Your Habit Identity
We wear many hats throughout our days, weeks, months and years. These hats can change form depending on the situation. Some days you’re a superhero parent, some days you’re the boss at work, others you feel like the doormat.
Our habits create our identity, usually unknowingly. For instance, if you only wear blue shoes, your habit identity to the outside world is the person at work who only wears blue shoes. If you are the relative who gives funny birthday cards and you do it for every birthday, you will be known as the aunt or uncle who gives funny birthday cards. These identities are rarely thought of as we’re just being who we are.

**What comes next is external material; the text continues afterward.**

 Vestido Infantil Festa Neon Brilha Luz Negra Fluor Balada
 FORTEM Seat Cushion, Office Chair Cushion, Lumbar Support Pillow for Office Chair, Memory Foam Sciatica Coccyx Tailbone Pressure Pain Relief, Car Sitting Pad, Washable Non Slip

But what if you want to change that identity?
Let’s say you and your co-workers go out to lunch every day of the week. Your current habit identity may be just that. Someone who goes out to lunch every day of the week. What would your habit identity look like if you started to bring your lunch from home every day? How would that impact your life for the better?
If your current identity is one that sleeps in as late as possible before getting up, what would your identity be if you got up as soon as your alarm went off? How would that change your day going forward? Would you have time to get a quick workout in? Would you spend that time getting your day started with reading or meditation? These are all compounding effects that can have a positive or negative result on our day and our general well being.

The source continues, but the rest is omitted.